Experimental Section

General Procedures

All reactants and reagents were commercially available and used without further purification unless otherwise indicated. Anhydrous tetrahydrofuran (THF) was obtained by distillation from benzophenone-sodium under argon. All reactions were carried out under an inert atmosphere of argon in flame-dried glassware unless otherwise indicated. Concentrated refers to the removal of solvent with a rotary evaporator at normal water aspirator pressure. Concentrated under high vacuum refers to removal of solvent with a direct-drive rotary vane vacuum pump. Thin layer chromatography (TLC) was performed using silica gel 60 Å precoated aluminum-backed plates (0.25 mm thickness) with a fluorescent indicator. Developed TLC plates were visualized with UV light (254 nm) and KMnO₄ spray. Flash column chromatography was conducted with the indicated solvent system using normal phase silica gel (60 Å, 230–400 mesh). Yields refer to chromatographically and spectroscopically pure (>95%) compounds, except as otherwise indicated.
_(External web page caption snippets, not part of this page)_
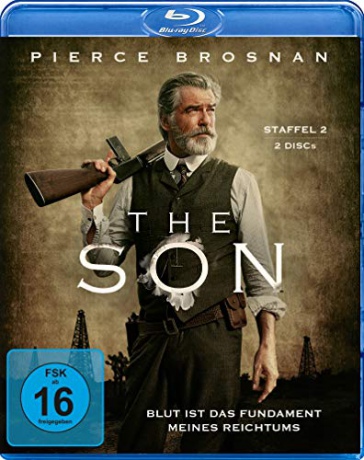 The Son Season 2 (Syn Sezon 2) [2xBlu-Ray]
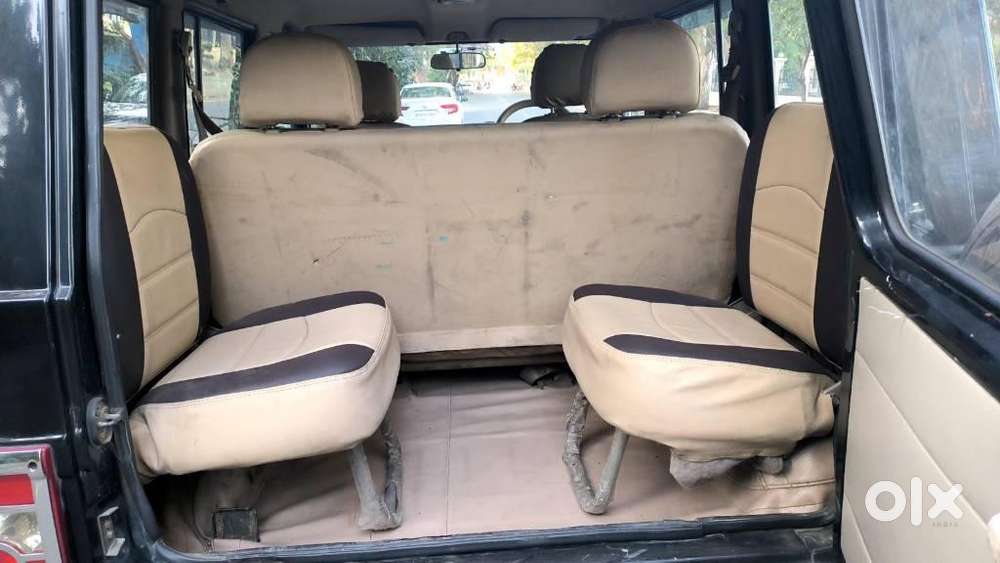 Mahindra Bolero Slx, 2015, Diesel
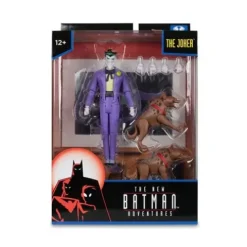 DC The New Batman Adventures Wave 2 6-Inch Scale Action Figure - Select Figure(s)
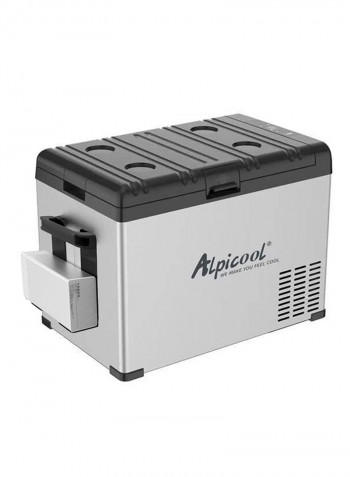 Car Refrigerator Freezer 40 l 45 W A40 Grey/Black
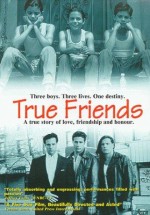 True Friends (1998) afişi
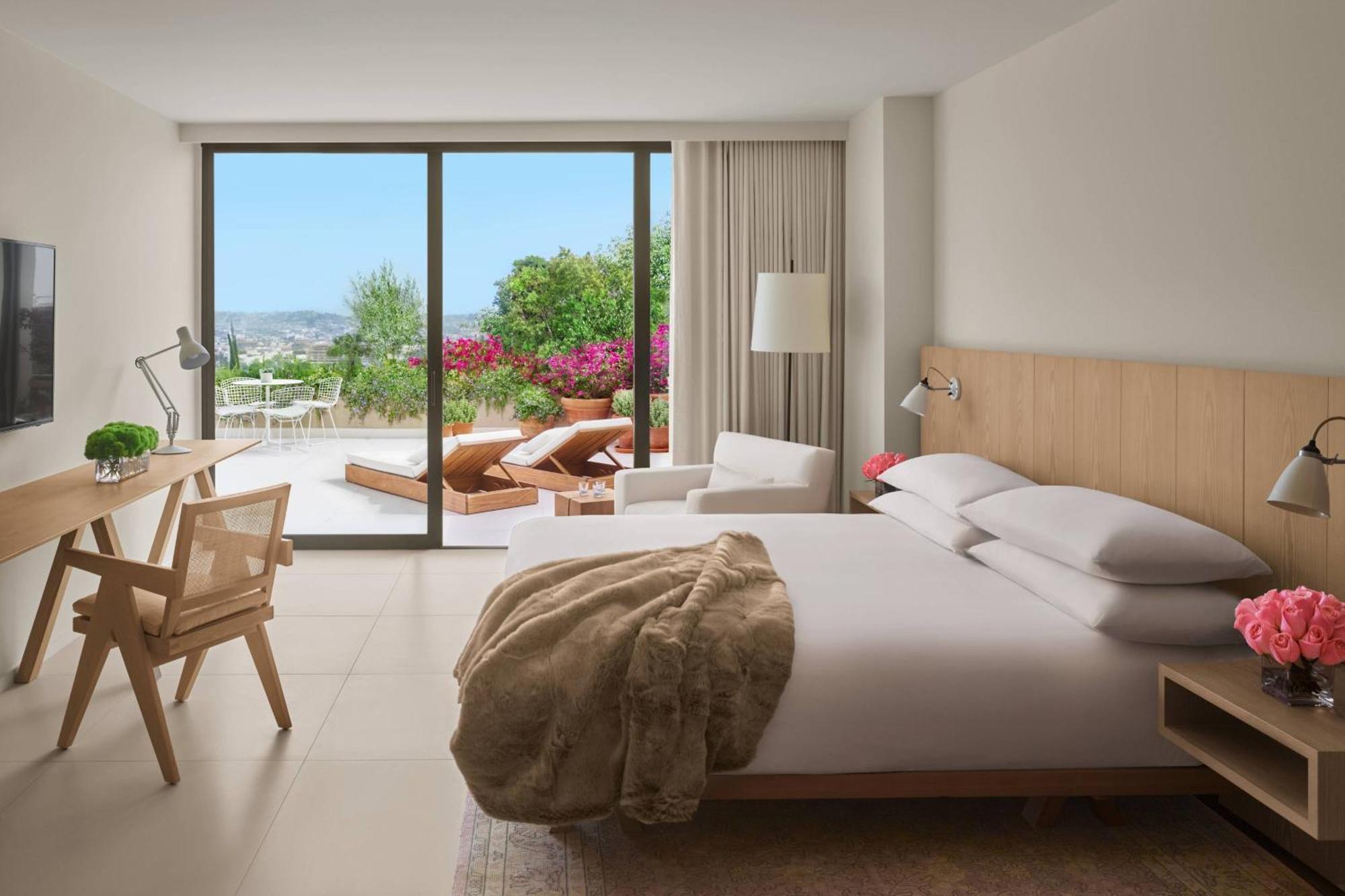 The West Hollywood Edition Los Angeles Extérieur photo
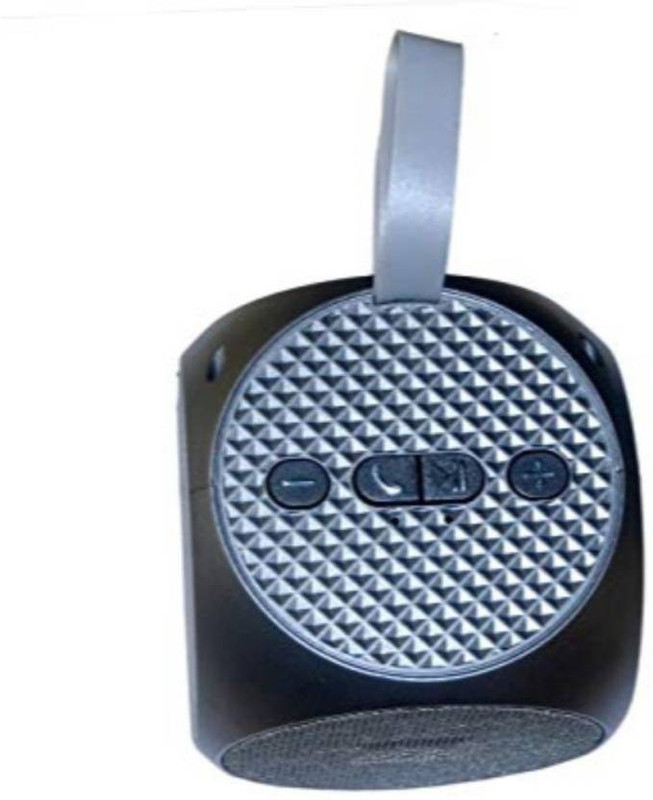 zofia EXTRA BASS MINI FLIP 5 BLACK 5 W Bluetooth  Speaker(Black, Stereo Channel)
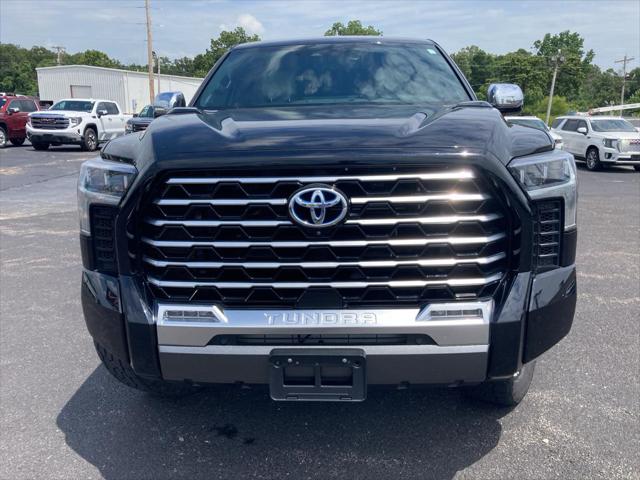 2023 Toyota Tundra Capstone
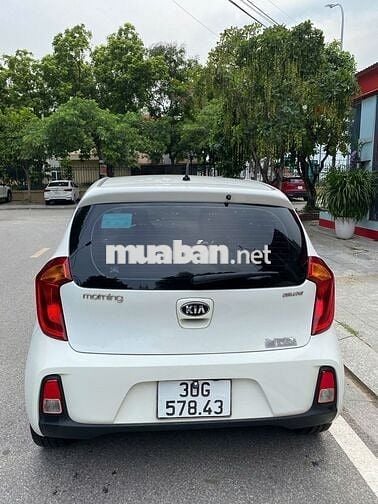 Kia Morning 2020 AT Deluxe - 34000 km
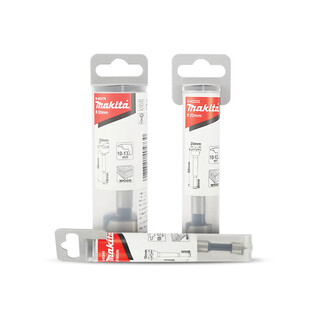 Makita original woodworking hole opener flat wing drill bit hole expander round wooden board computer desk punch door lock hinge drill woodworking flat wing drill 10 90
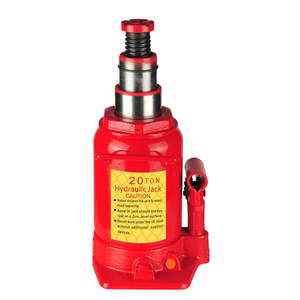 32 Ton Hydraulic Steel Bottle <strong>Jack</strong> <strong>Competitive</strong> Price <strong>Car</strong> <strong>Jacks</strong> - Product Image 3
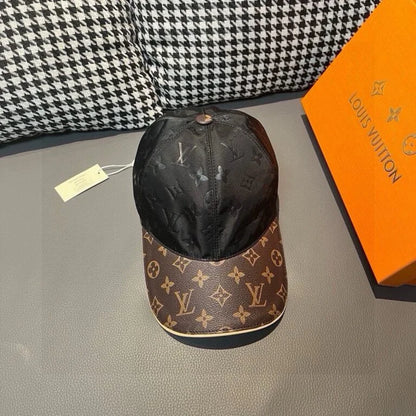 Louis Vuitton Get Ready Cap Black
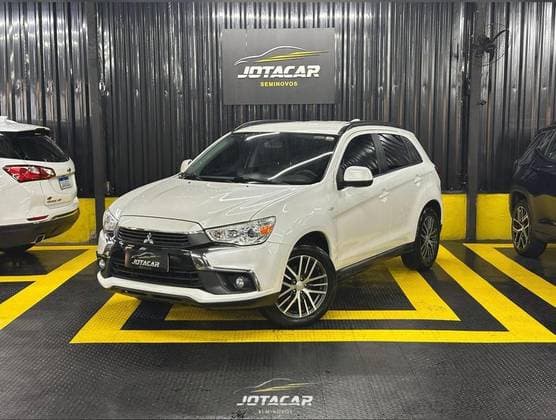 Carro 2.0 4X2 16V FLEX 4P AUTOMÁTICO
¹H and ¹³C NMR spectra were recorded on a Bruker Avance III 400 instrument at 400 and 100 MHz, respectively. Chemical shifts are reported in δ values (parts per million) relative to an internal reference [0.05% (v/v)] of tetramethylsilane (TMS) for ¹H NMR or the solvent signal, chloroform (CDCl₃) or DMSO-d₆, for ¹³C NMR. NMR analysis of the tertiary amides was conducted at increased temperatures (77–100 °C) in DMSO-d₆ due to the presence of atropisomers. Peak splitting patterns in the ¹H NMR spectra are reported as follows: s, singlet; bs, broad singlet; d, doublet; t, triplet; q, quartet; hept, heptet; dd, doublet of doublets; ddd, doublet of doublets of doublets; dt, doublet of triplets; dq, doublet of quartets; m, multiplet. ¹³C NMR experiments were conducted with the attached proton test (APT) pulse sequence. ¹³C multiplicities are reported as δ_u (up) for methyl and methine and δ_d (down) for methylene and quaternary carbons.
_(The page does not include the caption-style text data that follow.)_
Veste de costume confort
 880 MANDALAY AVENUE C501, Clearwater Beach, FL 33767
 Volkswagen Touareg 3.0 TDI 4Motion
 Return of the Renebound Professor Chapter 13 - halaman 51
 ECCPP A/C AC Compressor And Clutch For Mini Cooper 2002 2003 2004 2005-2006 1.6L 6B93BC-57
GC-MS analyses were performed with an Agilent 6890 GC instrument and a Hewlett-Packard 5973 EI-MS detector fitted with a 30 m × 0.25 mm column filled with cross-linked 5% PH ME siloxane (0.25 μm film thickness); the gas pressure was 7.63 psi of He. Analysis of samples involved either heating from 70 to 250 °C (10 °C/min) and then being held at 250 °C for 5 min (method A) or heating from 175 to 250 °C (25 °C/min) and then being held at 250 °C for 2 min (method B). Melting points were measured on a Stanford Research Systems MPA160 melting point apparatus and are uncorrected. HPLC analysis was conducted using an Agilent 1100 instrument fitted with a DAD at 254 nm using a CHIRACEL OD-H 4.6 mm × 250 mm, 5 μm column, run under the specified conditions. HRMS were collected at the University of Delaware using a Q-Exactive Orbitrap instrument with an ESI source in positive mode or a Waters GCT Premier instrument equipped with a LIFDI (liquid field desorption ionization). Optical rotations were determined on a PerkinElmer 341 polarimeter at Villanova University at 589 nm and 20.0 °C.

Computational Methods

All calculations were carried out with Gaussian 16⁹⁷ and using density functional theory (DFT) in the gas phase. We chose the specific configuration applied successfully by Houk, Chen, and co-workers to a related Ni(II) migratory insertion.⁴⁰ This procedure involves geometry optimization using the B3LYP hybrid functional,⁹⁸ the def2-SVP basis set,^99,100 and the Grimme D3 empirical dispersion correction¹⁰¹ with Becke–Johnson damping,¹⁰² followed by a single-point energy correction using the TZVPP basis set. After each optimization [conducted with fopt = (calcfc,tight) or fopt = (calcfc,ts,tight)], a subsequent frequency calculation was performed to confirm the nature of the stationary point as a minimum (NImag = 0) or a transition structure (NImag = 1) and to obtain thermodynamic corrections. Gibbs free energies at 298 K were used for analysis, but essentially the same picture would be obtained using either enthalpies or electronic energies, as the thermodynamic corrections to the energy barriers and differences were small, as would be expected.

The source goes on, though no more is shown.